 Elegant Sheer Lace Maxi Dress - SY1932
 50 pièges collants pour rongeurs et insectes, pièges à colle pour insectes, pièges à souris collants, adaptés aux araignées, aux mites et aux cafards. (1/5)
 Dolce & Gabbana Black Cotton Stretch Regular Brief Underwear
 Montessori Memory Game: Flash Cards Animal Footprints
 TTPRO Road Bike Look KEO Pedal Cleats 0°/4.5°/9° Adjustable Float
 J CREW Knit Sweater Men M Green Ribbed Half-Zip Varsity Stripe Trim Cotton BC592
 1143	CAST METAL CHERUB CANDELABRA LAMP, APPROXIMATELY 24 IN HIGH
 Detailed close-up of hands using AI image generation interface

---

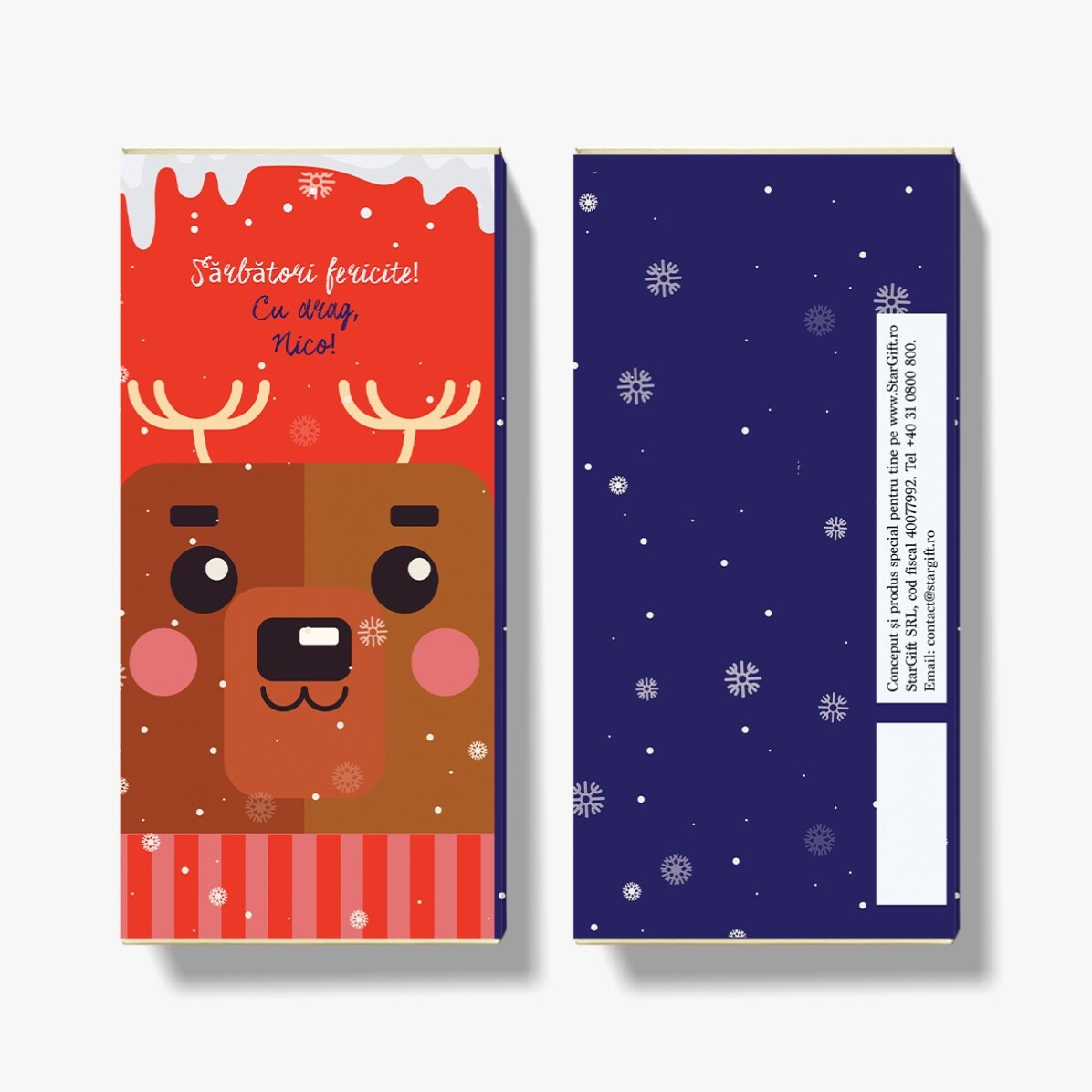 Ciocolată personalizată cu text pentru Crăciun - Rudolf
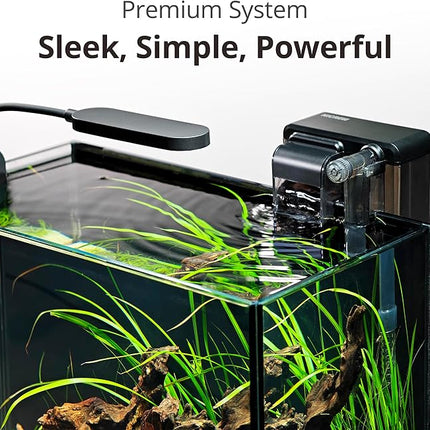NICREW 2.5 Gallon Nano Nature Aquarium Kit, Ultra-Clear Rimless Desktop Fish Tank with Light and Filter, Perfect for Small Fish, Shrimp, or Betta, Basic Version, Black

- **What you need to do**: What is needed is an exact copy of the lines above, from the one containing "TTPRO Road Bike" through the one containing "Detailed close-up of", with nothing added.

- **Task output**:
 TTPRO Road Bike Look KEO Pedal Cleats 0°/4.5°/9° Adjustable Float
 J CREW Knit Sweater Men M Green Ribbed Half-Zip Varsity Stripe Trim Cotton BC592
 1143	CAST METAL CHERUB CANDELABRA LAMP, APPROXIMATELY 24 IN HIGH
 Detailed close-up of hands using AI image generation interface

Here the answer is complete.